Some thing’s cooking just about all the time in Dunster House, where Mark W. Kirby ’03 and Stephanie A. Stuart ’02 lead the Dunster Culinary Team in whipping up tasty treats for bi-monthly Dunster Open Houses. The rotating cast of 30 students is given free rein by House Masters Roger and Ann Porter, and the menu changes with the seasons. Favorite recipes prevail, though, including Kirby’s Red Onion Galette, which originated on the pages of the Deep Springs College Cookbook. Deep Springs is an extremely small, two-year, all-male liberal arts college in the California dessert that Kirby attended before coming to Harvard. With a fresh garden and a panopoly of farm animals, the school is the ideal breeding ground for a fresh-foods cook.
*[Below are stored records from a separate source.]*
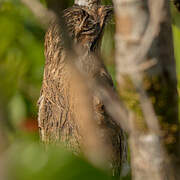 Common Potoo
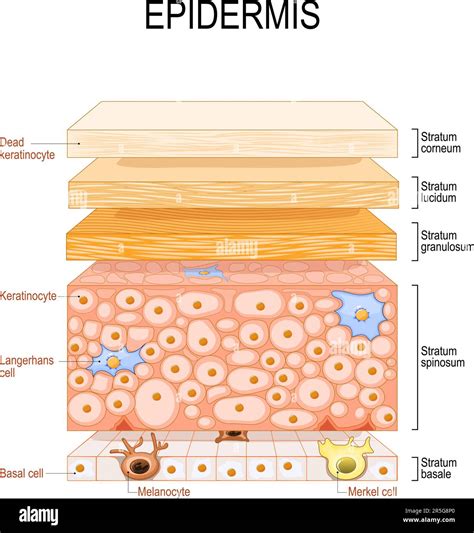 Anatomy Of Epidermis Epidermis Layers Of The Epidermis Skin Structure ...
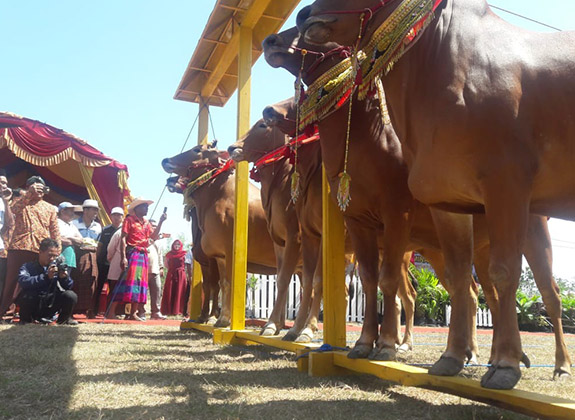 Dukung Pencanangan Kampung Inseminasi Buatan Sapi Pertama di Indonesia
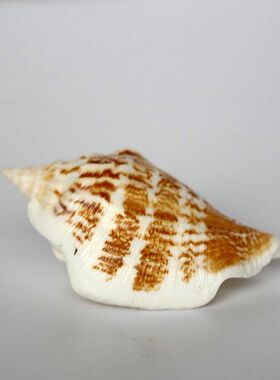 斧头螺海螺贝壳 水族鱼缸造景装饰广告橱窗设计道具61儿童玩具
Kirby reflects on the autumn day when he first tasted the galette: “The college had just acquired a few goats and we were experimenting with making our own chevre [goat cheese]. Tom, the college chef, believed in using ingredients from the farm in elegant ways—on that fall day, we enjoyed stately, multi-folded galettes made with our goat’s chevre, our chickens’ eggs, our heifers’ butter and our garden’s red onions. Essentially free-form pies, the gallettes come out of the oven like sunflowers with purple, caramelized onion centers and golden, buttery crust petals. I’ve gained a newfound appreciation of the galette by baking it as part of the team, watching nostalgically as the Dunster community enjoys a taste from my past.”

Chef Kirby's Red Onion Galette

Makes 2 pies; serves 8-12

Crust Ingredients:

1 3/4 cup plus 1 tbsp. all purpose flour

1/4 cup wheat germ

3/4 tsp. salt

1/8 tsp. sugar

14 tbsp. unsalted butter, chilled

1/4-1/2 cup freshly squeezed orange juice, as cold as possible

Filling Ingredients:

1/4 cup butter

8 medium red onions, sliced as thinly as possible, against the grain

1 1/2 tsp. salt

2 tbsp. blackcurrant liqueur (crème de cassis) or sherry vinegar

1 tbsp. red wine vinegar (less if using sherry vinegar)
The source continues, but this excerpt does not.